Starting at the first line of the data and ending at the line with "View of a backyard", copy each line exactly. Include both of those lines, but no pictures.

-- GIVEN INFORMATION follows --

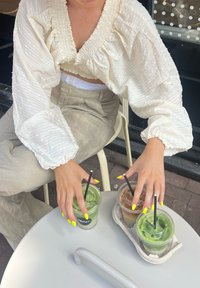 White textured blouse with puff sleeves, light beige trousers, and bright yellow nails holding iced drinks on a round table with a beige holder.
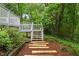 View of a backyard featuring garden landscaping and wooden stepping stones leading up to a cozy deck at 2324 Stevens Rd, Raleigh, NC 27610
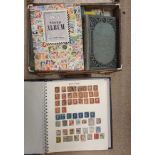 A brown case containing various stamp albums and contents,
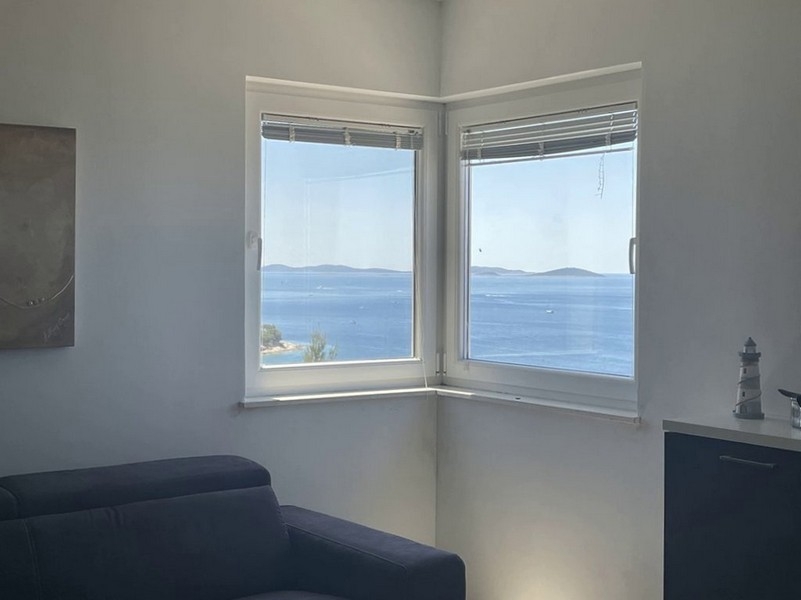 Corner window with a view of the sea and the islands off Murter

-- GIVEN INFORMATION concluded --

_TASK RESULT:_
 White textured blouse with puff sleeves, light beige trousers, and bright yellow nails holding iced drinks on a round table with a beige holder.
 View of a backyard featuring garden landscaping and wooden stepping stones leading up to a cozy deck at 2324 Stevens Rd, Raleigh, NC 27610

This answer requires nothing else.